Hazard.intensity in CSR format and not CSC format #938

Open mncosta opened 2 months ago

mncosta commented 2 months ago

Hi,

Not sure if this belongs here, but I have a question about Climada's performance and either I am missing something or I believe an improving could be made to the use of hazard intensities. Searching through the repositories' issues I only found a reference to this on #874, stating A significant amount of time is spent slicing the hazard intensity matrix, which is related to what I found.

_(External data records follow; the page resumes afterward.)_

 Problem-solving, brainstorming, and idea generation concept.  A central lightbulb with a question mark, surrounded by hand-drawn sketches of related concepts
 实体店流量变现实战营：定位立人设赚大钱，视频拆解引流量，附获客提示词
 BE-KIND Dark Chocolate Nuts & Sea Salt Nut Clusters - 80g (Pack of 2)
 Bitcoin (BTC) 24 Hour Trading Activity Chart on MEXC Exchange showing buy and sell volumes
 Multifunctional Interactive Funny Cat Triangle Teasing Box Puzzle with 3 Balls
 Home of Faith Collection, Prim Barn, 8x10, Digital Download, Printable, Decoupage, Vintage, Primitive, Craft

As I found, currently Hazard.intensity is stored as a "row vector" spicy.sparse matrix in CSR format. I'm making this assumption from the provided example in here, specifically the following code section in Part 1:

%matplotlib inline
import numpy as np
from climada.hazard import Hazard
from climada.util.constants import HAZ_DEMO_FL
# to hide the warnings
import warnings
warnings.filterwarnings('ignore')

# read intensity from raster file HAZ_DEMO_FL and set frequency for the contained event
haz_ven = Hazard.from_raster([HAZ_DEMO_FL], attrs={'frequency':np.ones(1)/2}, haz_type='FL')
haz_ven.check()

Inspecting haz_ven.intensityyields the following format:

<1x1032226 sparse matrix of type '<class 'numpy.float32'>'
    with 161671 stored elements in Compressed Sparse Row format>

Yet, this appears to be a 1 row x 1032226 columns matrix, in essence making the CSR format not the most efficient when slicing/indexing is needed. Why are hazard intensities saved in CSR format and not CSC format? In essence this would making slicing much more efficient. Time-wise would be a massive improvement if hazard matrices are huge. Again, with the above hazard example and with a simple indexing in CSR vs. CSC format:

# taking some random indexes to slice
idx = np.random.randint(0, 1032226, 100)

# get hazard.intensity in csc format
csc_format = haz_ven.intensity.tocsc()
# profiling slicing
%timeit csc_format[:, idx]
%timeit haz_ven.intensity[:, idx]

Which yields:

58.3 µs ± 71.5 ns per loop (mean ± std. dev. of 7 runs, 10,000 loops each)
711 µs ± 1.3 µs per loop (mean ± std. dev. of 7 runs, 1,000 loops each)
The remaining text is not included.